Note: we have seen something similar in regards to PR TD applications, quite a few PRs issued a PR TD despite being in breach, but NOT the RC-1 coded version. It is as if IRCC (in the PR TD application context), and CBSA (in PoE examinations) is more or less giving some PRs considerable leeway, a chance to come, stay, settle in Canada, without giving them a definitive pass on their breach.
Meanwhile, much of the anecdotal reporting about this has been notoriously imprecise. In many of the scenarios discussed in the forum, it is not clear just what happened, what the extent of questioning was, or what level of decision-making there was. And yeah, that is also somewhat true here, in regards to
Macius. The difference, and a lot depends on it, is that Macius' report more specifically indicates that the 44(1) Report was in fact prepared. That distinguishes this scenario from those where a PR is waived through without a formal/official Residency Determination.
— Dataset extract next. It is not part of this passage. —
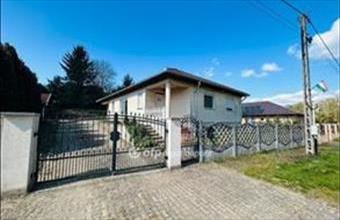 Eladó Szabolcsi családi ház hirdetés (39333944)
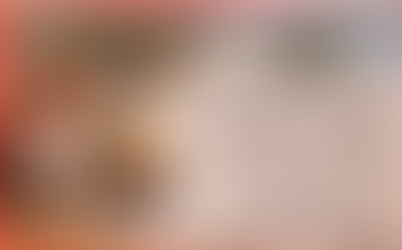 it's Time To Rethink Health Class Curriculums: The History Of Drug use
In short: the decision to allow entry is just that, an official decision to allow entry. If a 44(1) Report is prepared, the decision to set it aside is different, it depends on a formal/official Residency Determination, an adjudication of status (amply illustrated by the fact that a decision otherwise is the decision terminating PR status, unless there is a successful appeal).
Again, this is important because that decision is mostly binding. If the Report is set aside for H&C reasons, by the reviewing officer, the PR can then relatively safely proceed to make a PR card application without waiting to first spend 730 days in Canada. Most PRs in this situation would be wise to still wait some before proceeding to make the PR card application, waiting long enough to show they are actually settling and staying in Canada.
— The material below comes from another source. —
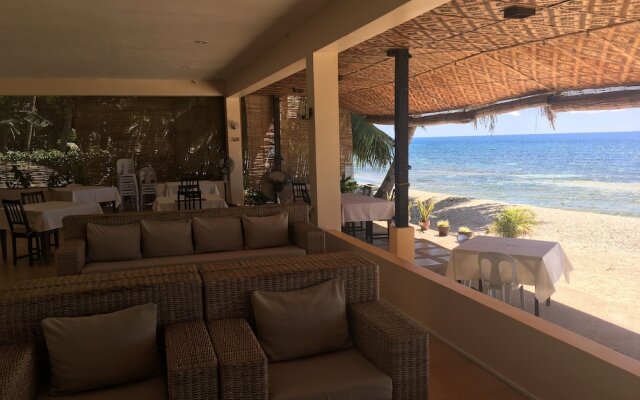 Lubi Resort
Bringing this back round to
Macius. Who appears to have not waited much at all to make the PR card application (arrived Jan 2022 and made PR card application "
01.Feb.2022"). We do not have nearly enough information to fully digest what has been happening, but it appears IRCC still had enough concerns that the PR card application encountered some kind of non-routine processing, so instead of a decision within three to five months it was at least NINE months.
My sense is a real lot could depend on the strength of the H&C case, including an explanation for the more recent absence.